I was gifted one single  Gorilla Glue seed that I am wanting to grow next. Was also given two "Three In The Pink" I am thinking of growing.
I do hope that I manage to get some good yield with my "Bagweed" seeds for my 1st, fingers crossed.


----------



## stepheneking (Jun 4, 2019)

Update guys.
Its now day 34 into my grow and they are very happy and healthy plants. I am interested in seeing them flower, I am so close to the switch and do need to think about getting another wave going in my other box. I am also waiting on the move before starting. I may start germinating my Gorilla Glue and my Three in the Pink seeds. I am excited that I have made it to this point of the grow with pretty good success, knock on wood, *thanks to my Friends here! Thanks again everyone! Your input, advice, and suggestions has taken me a long way.*
I will also need to start cramming in my finishing touches on the tent so I am ready for the flower at least bare minimum, my zipper to completely seal my tent(as of right now I have three magnets that are attached to the flap that help hold it closed) and ventilation. With the move its going to make my $$, kinda short(donations will be accepted) but shit, I have gotten this far with a smile on my face!
All in though, I just can't wait. This sure is exciting and will/has been a great rewarding experience. I can't wait to become a established grower with quite a few grows under my belt!

Also, I still need to top the plants, I plan on doing this tomorrow I think.....thoughts anyone!?
Day 34....


----------



## stepheneking (Jun 20, 2019)

Hey guys. Whew what a past couple of weeks. Got moved and almost have everything settled. I have a lot of work to do to get the tent complete. Vents can now be hooked up.

I did start flowering, 12/12 and am on day three. I can say I'm happy to say I'm pretty sure four outa the 6 are female. I'll get some pics did you can help me determine

I'll try and get some by this weekend. Once I am completely settled I'll get back to my daily post.


----------



## The Hemp Goddess (Jun 20, 2019)

Congrats on getting moved.  I hate moving so much (I would rather clean porta-potties).  Hope I never have to move again.

It is highly doubtful that your plants would be showing sex after only 3 days in flowering.  So, continue to keep an eye on them and keep them as stress-free as possible.


----------



## stepheneking (Jun 20, 2019)

The Hemp Goddess said:


> Congrats on getting moved.  I hate moving so much (I would rather clean porta-potties).  Hope I never have to move again.
> 
> It is highly doubtful that your plants would be showing sex after only 3 days in flowering.  So, continue to keep an eye on them and keep them as stress-free as possible.


Thanks! Yes, moving sucks I have been going night and day to get settled in whew, LoL

My plants must be some good ones because, Yes they are showing signs already!  Plants #1 and #2 where the first.

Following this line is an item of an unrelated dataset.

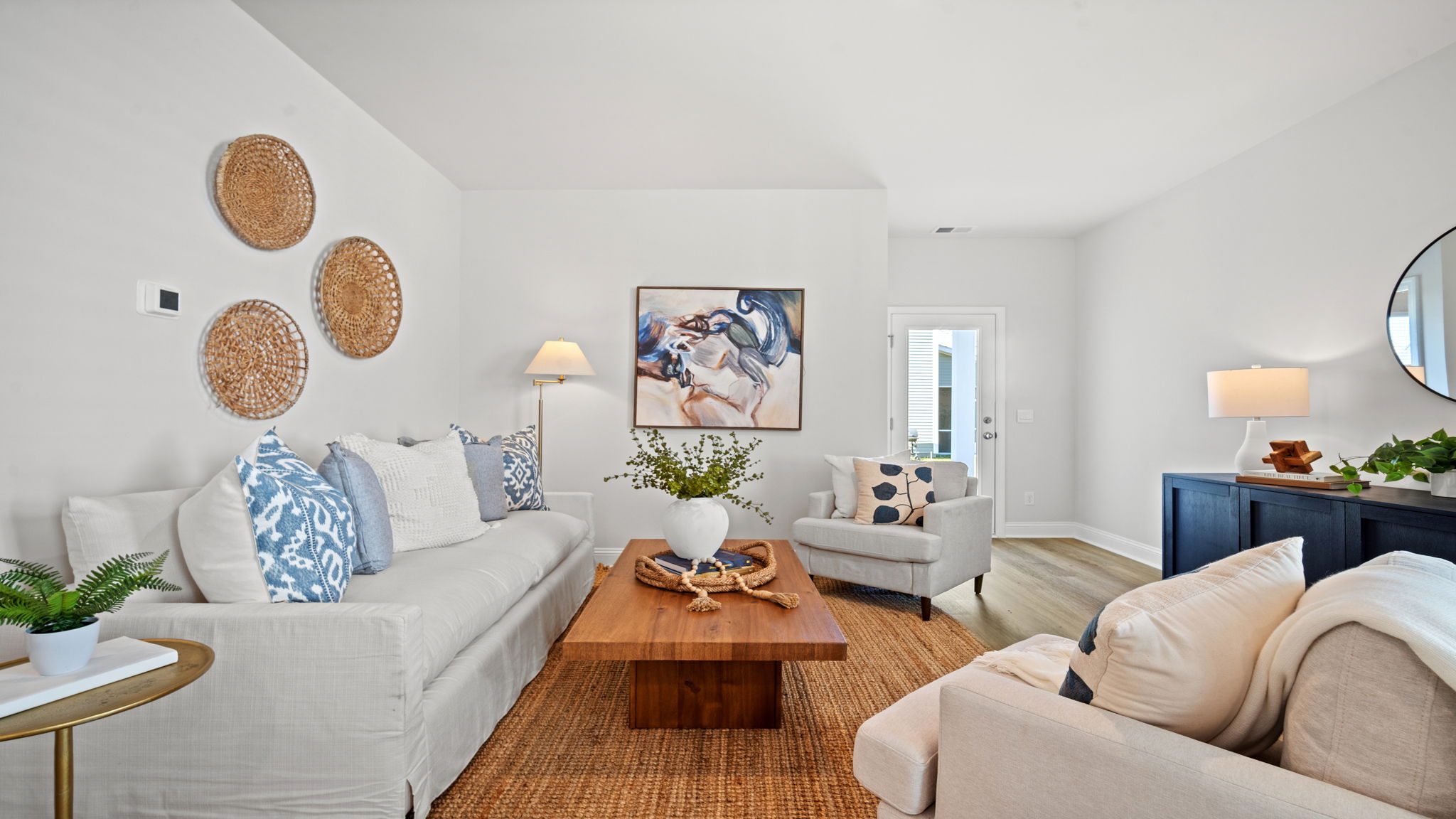 Living room decorated with seating and tables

Plant #1 actually showed signes after just day 2, I was also shocked. Its a girl!...Two white hairs...I will get pictures in the morning if time permits(as I am a huge fans of pics, LoL) Plant #2 showed on day 3 the rest seem to be slower at showing.

Right now I need to spend time on the setup to properly ventilate I am still waiting on my fundage for my centrifuge fan  

I am also now in the basement for my grow area so now I will need to work out the humidity issues however, I hope with fixing some of my venting that will help.

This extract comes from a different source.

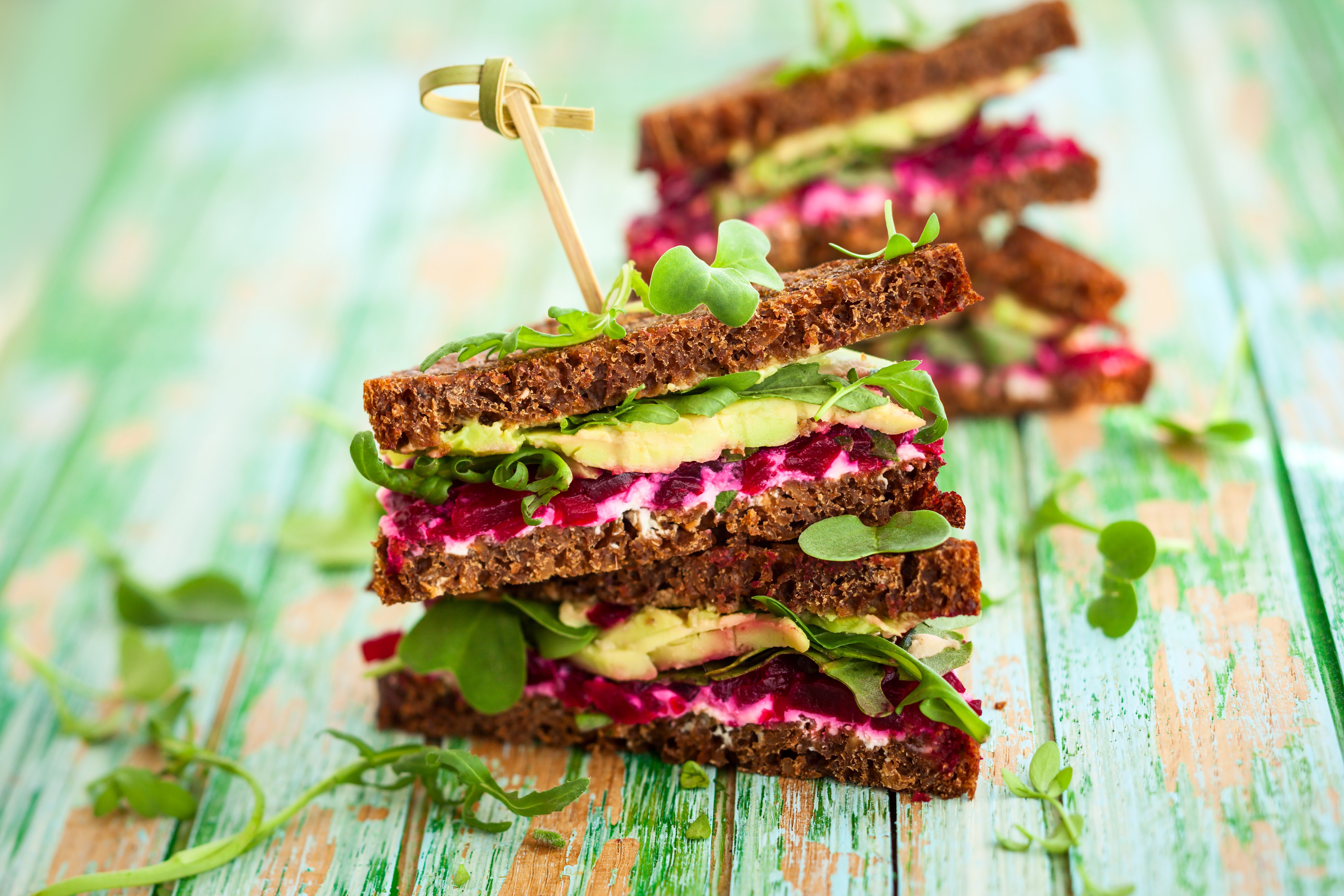 Stack of Beetroot and Avocado Sandwiches on Rustic Wood HD Wallpaper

Awesome news, my buddy hooked me up with another light identical to the one he gave me prior, man I was stoked!!!! Thanks buddy!!!  Nice getting some good lighting to proceed into flowering


----------



## stepheneking (Jul 13, 2019)

Hey guys! So I have some updates and some pics 

Now, things have been really rough since the move! Laptop crashed!! Time and money, don't they always seem to be an issue sometimes! 

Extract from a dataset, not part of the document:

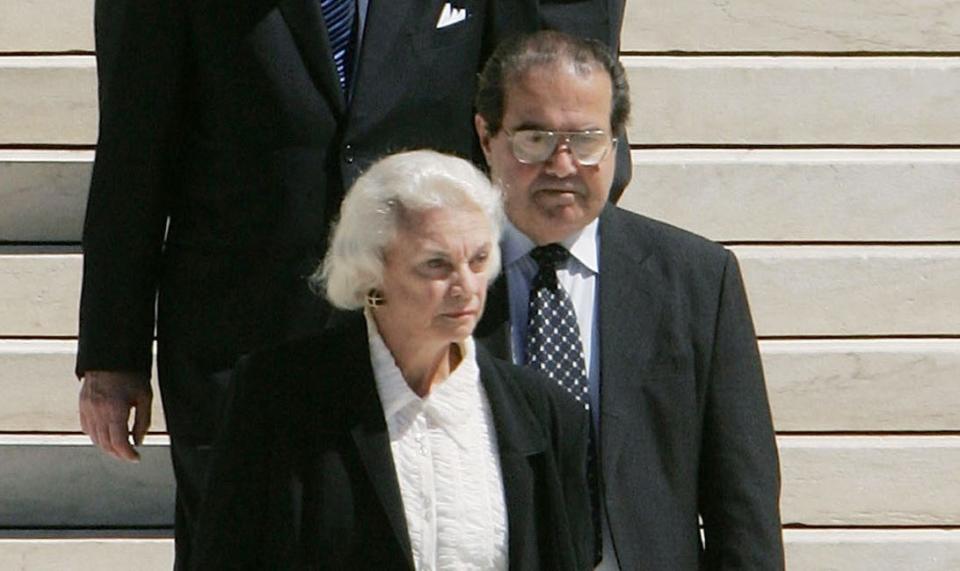 U.S. Supreme Court Justice Sandra Day O'Connor and Justice John Paul Stevens file out of the Supreme Court Building to attend funeral services for former Chief Justice William Rehnquist on Sept. 7, 2005, in Washington, D.C.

Now the girls have been flowering now since June 18 and have managed to end up with four female and two were male. I have removed the males from the tent. I have not disposed of the male yet(I wanted to see how they grow too, curiosity) so they are still kicking, LoL. Thoughts for disposal?

Now the four females are doing okay, now, that is. I had a vacation that we went on for the 4th, ended up being a whole week, watering missed, No feed yet high heat and humidity. The plants unfortunately didn't have the TLC and looked a little rough on my arrival. I bounced into action though, quickly spending some cash on poor mans plant food(organic) low nites I think its 3-1-1. However, it seemed to do the trick as they appear to be bouncing back well. I wanted to use this as a general watering supplement to slowly aid them back. What about future watering's. I would like to continue use.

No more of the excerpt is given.